British PM outlines plans to rescue Iraq's Yazidis
UK Prime Minister David Cameron says plans are being devised to rescue civilians trapped by ISIS militants on a mountain in northern Iraq.
“I can confirm that detailed plans are now being put in place and are underway and that Britain will play a role in delivering them,” the British premier said on Wednesday after chairing a meeting of the government’s emergency Cobra committee.
Britain joined the United States in the 2003 invasion of Iraq, which was carried out to “disarm Iraq of weapons of mass destruction.” No such arms were ever found. The invasion inflicted a major loss upon the lives of Iraqi people.

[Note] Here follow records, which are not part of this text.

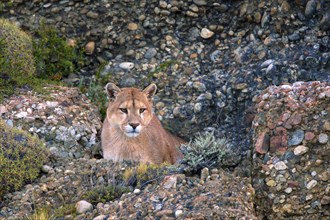 Cougar (Felis concolor patagonica) wbl. Torres del Paine NP, Chile, Torres del Paine NP, South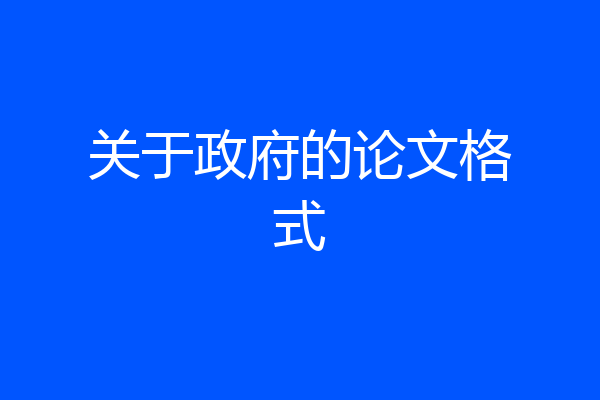 关于政府的论文格式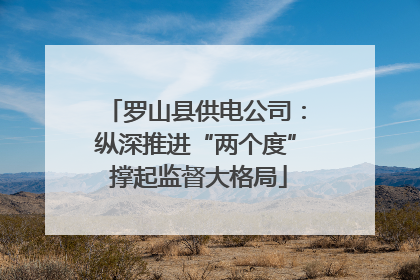 罗山县供电公司：纵深推进“两个度” 撑起监督大格局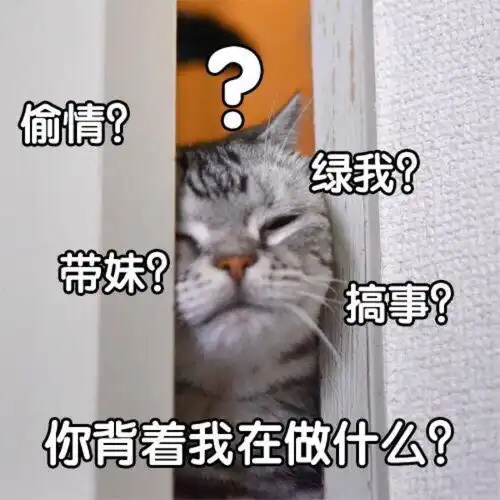  表情包把自己白送给你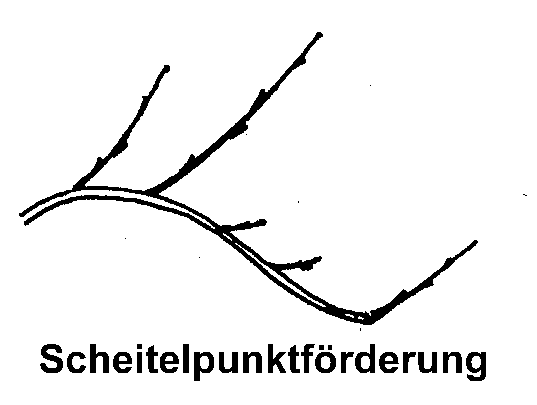 Triebbildung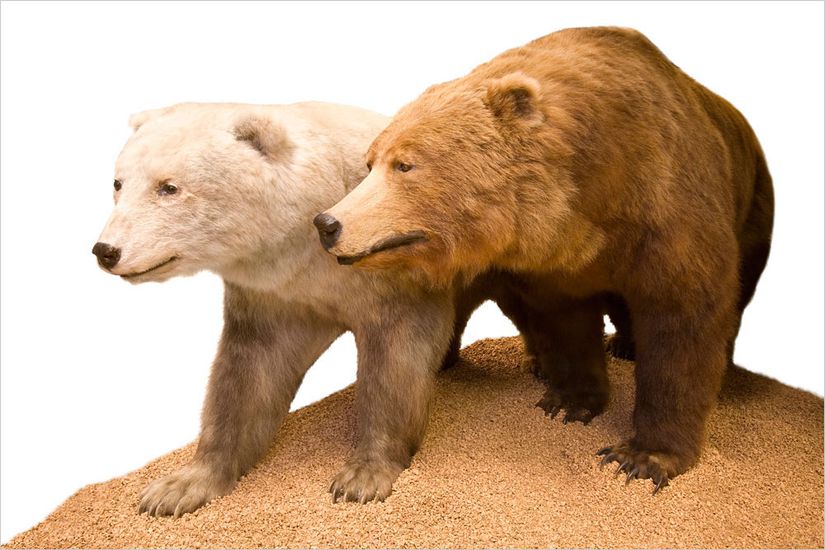 Görsel 1. Yukarıda, Londra’daki Natural History Müzesi’nde sergilenmekte olan bir bozayı-kutup ayısı melezi görülmektedir. Bu tip melezleşmeler nispeten az rastlanır olsa da her iki ebeveyn türün genetik mirasını etkileyecek sıklıktadır.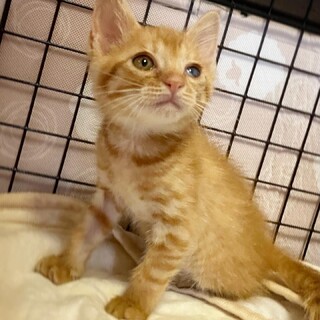 かわいい茶トラの男の子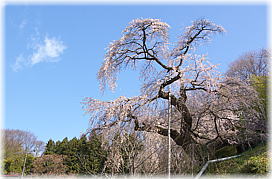 画像:蓮華寺のシダレザクラ_2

Since early June 2014, Iraq has faced a brutal offensive by the ISIS across its north and west. However, the crisis has deteriorated in recent weeks, as the militants swept over new towns in the north, forcing members of the minority Christian and Izadi communities out of their homes.

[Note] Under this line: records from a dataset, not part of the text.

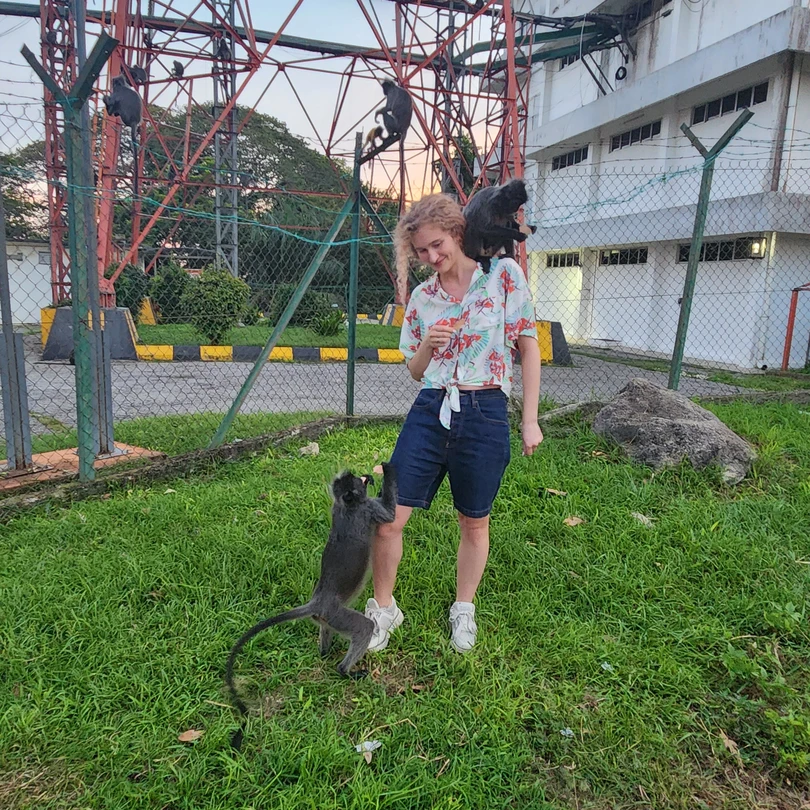 Пещеры Бату, река светлячков и серебристые обезьяны за 1 день (Арина)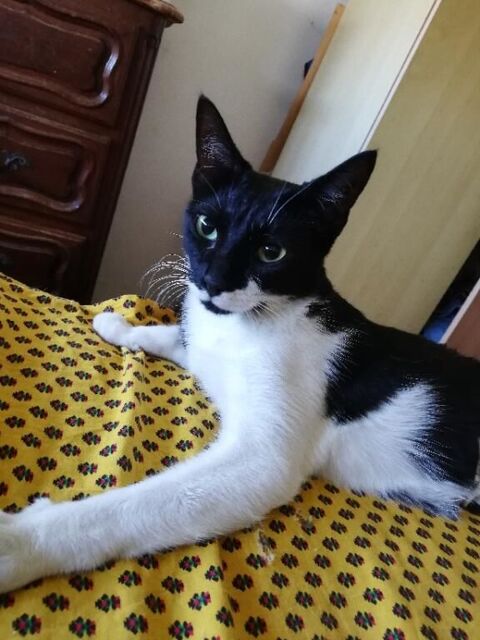 Gentille chatte noire et blanche &agrave; adopter sur Marseille 0 13004 Marseille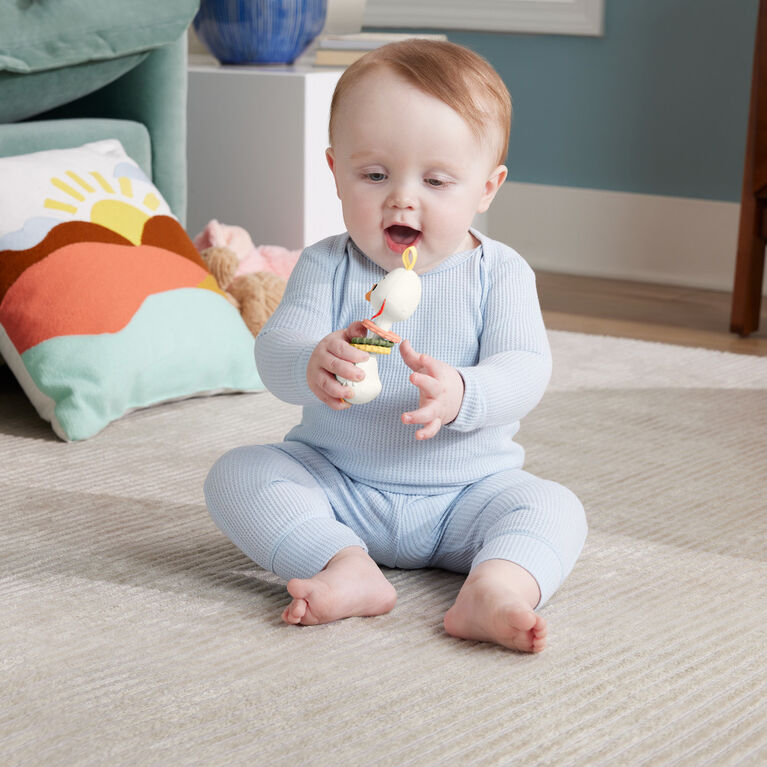 Smyslové hračky Fisher-Price – husa (HRB22)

Tens of thousands of Yazadi Kurds escaped to take refuge in the Sinjar Mountain range, becoming trapped for days without food or water.
“Clearly there is an absolutely desperate situation in Iraq, particularly on this mountainside,” Cameron said, adding, “But we need a plan to get these people off that mountain and get them to a place of safety.”

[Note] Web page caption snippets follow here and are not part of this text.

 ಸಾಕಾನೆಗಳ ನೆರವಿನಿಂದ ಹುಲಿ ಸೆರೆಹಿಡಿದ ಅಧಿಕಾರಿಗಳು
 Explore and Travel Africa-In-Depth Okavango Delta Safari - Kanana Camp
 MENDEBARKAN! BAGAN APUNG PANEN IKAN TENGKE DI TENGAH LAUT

According to reports by British newspapers The Times and The Guardian, British special forces have already arrived in Iraq.
London has also dispatched Tornado fighter jets to Cyprus to be ready if needed to provide surveillance support for the aid effort, while two Chinook helicopters are on standby to help with the humanitarian operation.
Cameron’s office said in a Tuesday statement that Britain has decided to arm Kurdish forces battling ISIS militants by transporting military supplies from other states.